[[ COLLECTED MATERIAL, beginning ]]
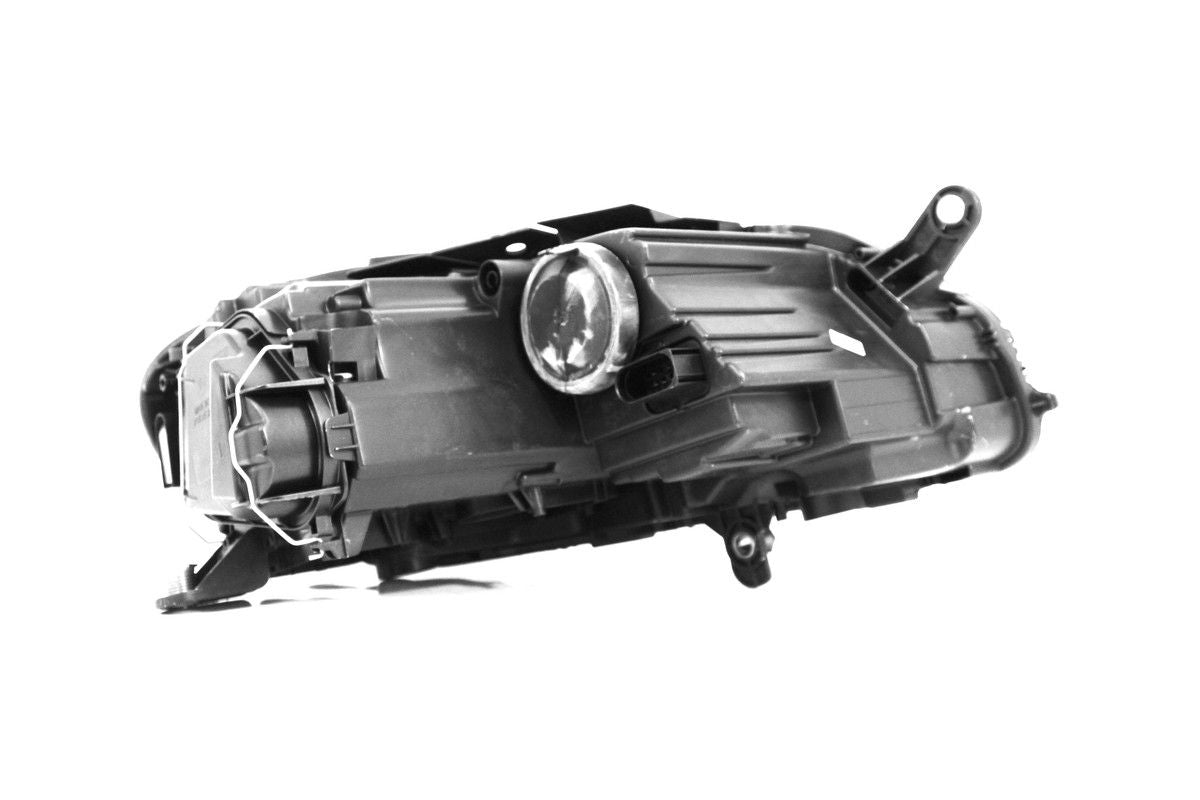Headlight L/H - Xenon 3AC941753, fits Volkswagen Passat 2011 - 2015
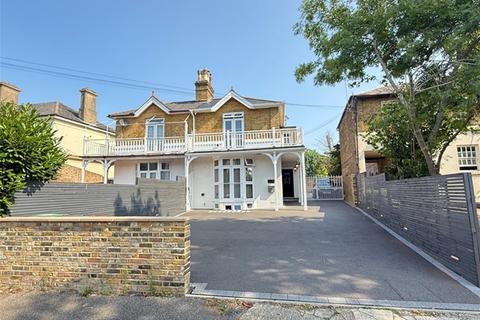 undefined, SUSSEX PLACE
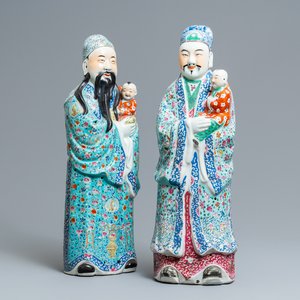 Two Chinese famille rose figures of immortals, 19/20th C. — photo 1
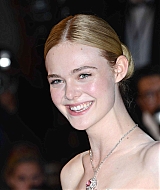 totally-elle-2016-neon-demon-cannes-premiere-513.jpg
[[ COLLECTED MATERIAL, end ]]
**TASK PROMPT**: The required response consists solely of the lines from the line containing "undefined, SUSSEX PLACE" through the end of the listing, both ends included, copied exactly without pictures.

**SOLUTION BELOW**:
 undefined, SUSSEX PLACE
 Two Chinese famille rose figures of immortals, 19/20th C. — photo 1
 totally-elle-2016-neon-demon-cannes-premiere-513.jpg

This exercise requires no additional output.